The signing of the Treaty of Ghent, December 24, 1814
On June 18, 1812, President James Madison signed a declaration of war against Britain on account of the nation’s providing arms to American Indians as well as their practice of impressment (abduction of foreign nationals to fight for Britain) of American sailors for the Napoleonic War. Two years in, although the British had managed to blockade U.S. ports and burn down the White House, the Americans had successfully blocked efforts to carry out an invasion and political pressure mounted from merchants to end the war and resume trade between the nations. Additionally, the British had stopped impressments as the Napoleonic War had concluded.
In August 1814, the peace negotiations between Britain and the United States began and on December 24, 1814 the Treaty of Ghent was signed that ended the War of 1812, returned all conquered territory, and established a commission to determine the border between the United States and Canada. The Senate voted to ratify unanimously on February 17, 1815. The end of the War of 1812 had also notably ended the threat of European intervention in westward expansion, which was a great long-run victory for the United States.

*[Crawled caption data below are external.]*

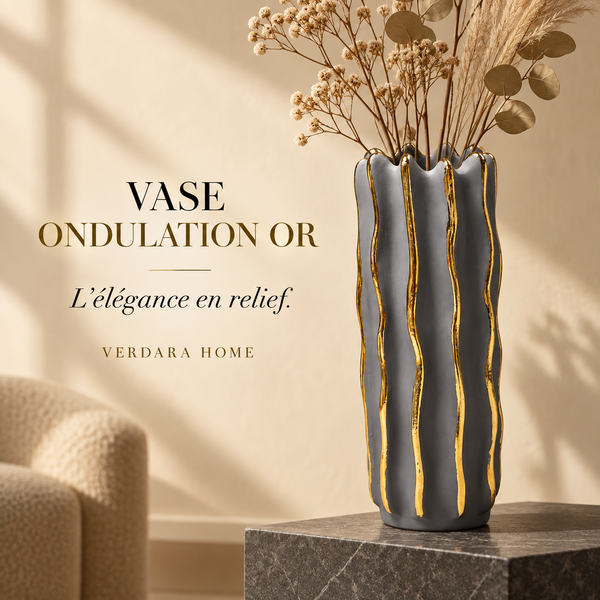Vase Ondulation Or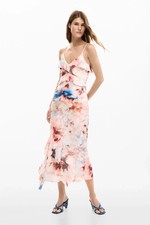 VESTITO DONNA LUNGO CON VOLANT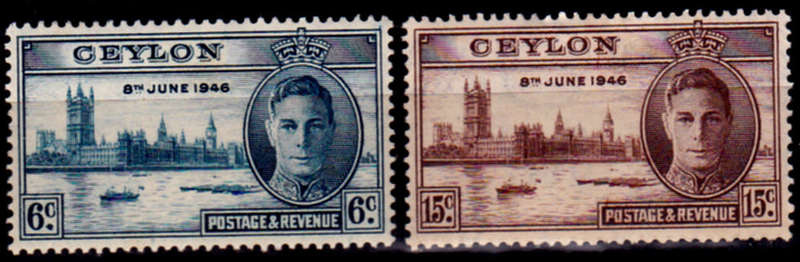 CEYLON 1946, 10 Dec. END of WWII, set, MH CV +/-R 10.00 view scans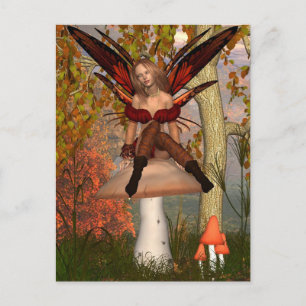 Autumn Fairy sitting on a toadstool with woodland Postcard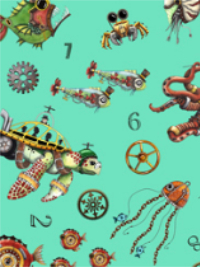 QT Fabrics "Aquatic Steampunkery" # 28392-Q – Steampunk Toss THUMBNAIL
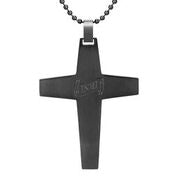 Mens Stainless Steel Black Carbon Fiber Pendant Necklace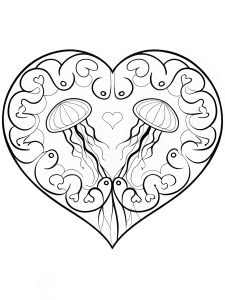 Heart mandala with luminescent jellyfish floating coloring page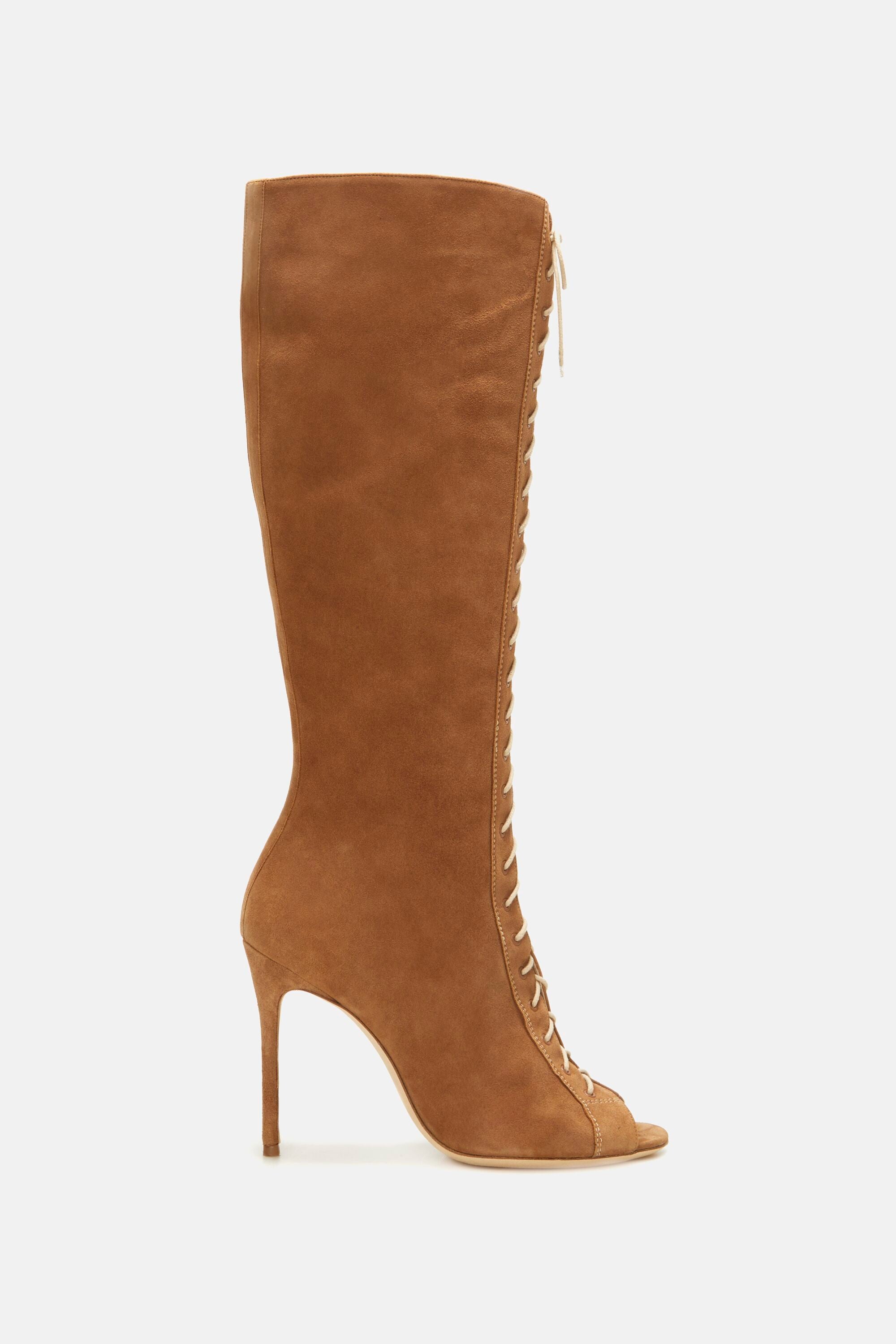 Suede 100 peep-toe boots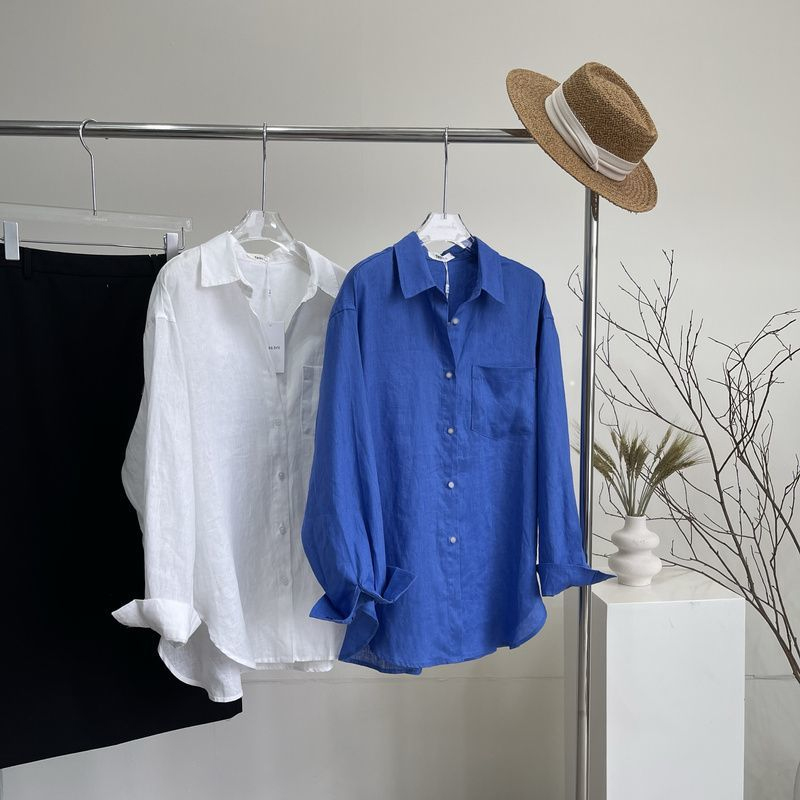 夏季新款棉麻气质长袖衬衫上衣气质廓形落肩夏季宽松森系防晒开衫
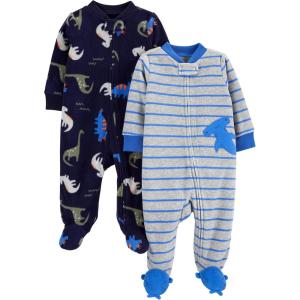 imageSimple Joys by Carters Baby Boys 2Pack Fleece Footed Sleep and PlayBlue DinosaurGrey Stripe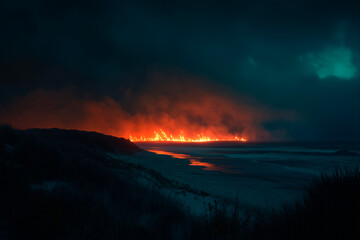 A hyperrealistic photo of the Japanese coastline during sunset, with the ruins of homes and debris silhouetted against the glowing horizon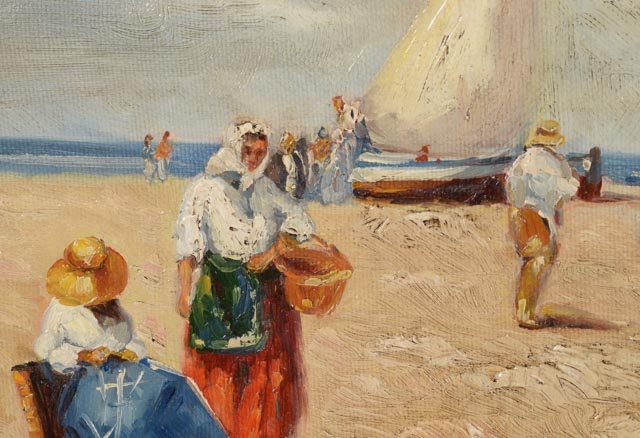 F. Huber Original Oil Painting on Canvas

The treaty signed on Christmas Eve was widely celebrated and began the era of greatest American unity, known as the Era of Good Feelings, with James Monroe being reelected president with no major candidate opposing in 1820. Although during the Monroe Administration divisions eventually arose again, I thought that in a time of division as great as ours, it is worth remembering at this time of year a Christmastime peace treaty that brought America together.